True, there were some setbacks and push-backs. They had to revise their über-woke mission and vision statements, They had to cancel their requirements for a mandatory DEI statement from faculty candidates, and they had to break two months of crickets about campus antisemitism following a graffiti incident on campus. THOSE congressional hearings certainly didn’t help.
But these were all minor bumps in the road. To show how much they are committed, even when the rest of the world is slowly backing away from DEI, look no further than the Chancellor’s distinguished faculty lecture series. The lectures are given every year by three faculty members for their exceptional contribution to teaching, research and service.
This year’s lectures focus on the following:
Diversity, equity and inclusion in teaching - racial equity gaps, classroom activism and anti-racist teaching.
Diversity, equity and inclusion in research - health gaps among sexual minorities with HIV.
Diversity, equity and inclusion in service, in particular efforts to increase the participation of under-represented minorities in STEM.
Point (3) is particularly dear to our hearts. The speaker’s suggestions as to how to cure the racial gaps in science are what one expects them to be: while the K-12 funding disparities are mentioned in passing, the crux of the problem is solidly identified as scientific culture being racist unwelcoming. How else one can explain the gaps in retention rates even when controlled for high school GPA? How about lower standards in poorer schools? Granted, even before the demise of the SATs, similar gaps were detected with the SAT as a control. But how about this extra AP calculus that rich kids enjoy but is seldom offered in disadvantaged schools? All these were glossed over, sort of.
To be fair, the awardee did want to “combin[e] rigor, high expectations, and inclusiveness.” Oh wait… rigor??! didn’t she get the CIT memo, the one where you should “decolonize rigor”? Oh, behave, you white colonizer! The two are mutually exclusive!

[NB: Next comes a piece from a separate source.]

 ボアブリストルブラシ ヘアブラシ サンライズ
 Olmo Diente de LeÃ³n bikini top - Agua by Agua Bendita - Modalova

We congratulate our colleagues for their important work and dedication (seriously. Good work, folks!). But yet again, our Leaders show us what kind of research, teaching and service is recognized and awarded, and which one is ignored. We cannot be excellent unless we are inclusive, said the Provost, and as usual never explained why. Nor did he explain why “inclusion” always excludes basic research and real rigorous teaching.
Us: We have a better idea about how to give disadvantaged children real education: how about allowing poor kids to study calculus again, bringing phonics back and disposing of the Whole Language garbage, reviving SATs, and introducing 100% federal funding for K-12 schools - the way the rest of the world has it?
White Saviors: Na… poor kids reading and solving differential equations will hurt our white savior feelings (did we just commit a microaggression?). And more importantly, those Asians will make my Liam feel uncomfortable. Is it a microaggression when a recent immigrant from Vietnam does integration by parts right in front of my little Liam? Oh, my sweet Liam is laughing: he thought it was “integration by farts.” He’s so funny!).
And maybe most importantly, you are not doubling my taxes. Socialism is for other people. The ones I berate as racist for wanting to send their kids to a “good public school” while I pay for a private school to shield my sensitive Liam from studying day and night, with no tutors, alone (no, I don’t cry, … maybe a little). I mean, he needs free time to have fun. He is a kid, he always will be. Even when in his forties, still in our basement.
Therefore, when all this fuss about “belonging” fails, the usual horsemen (horsewomen, do they exist?) of the K-16 apocalypse will enter:
dead tests
gutted curriculum
socially engineered outcome
No need to worry. When it comes to DEI, our Leaders and their friends in the Massachusetts government are fully committed and they will never stop until they take our campus and the entire education system down with them.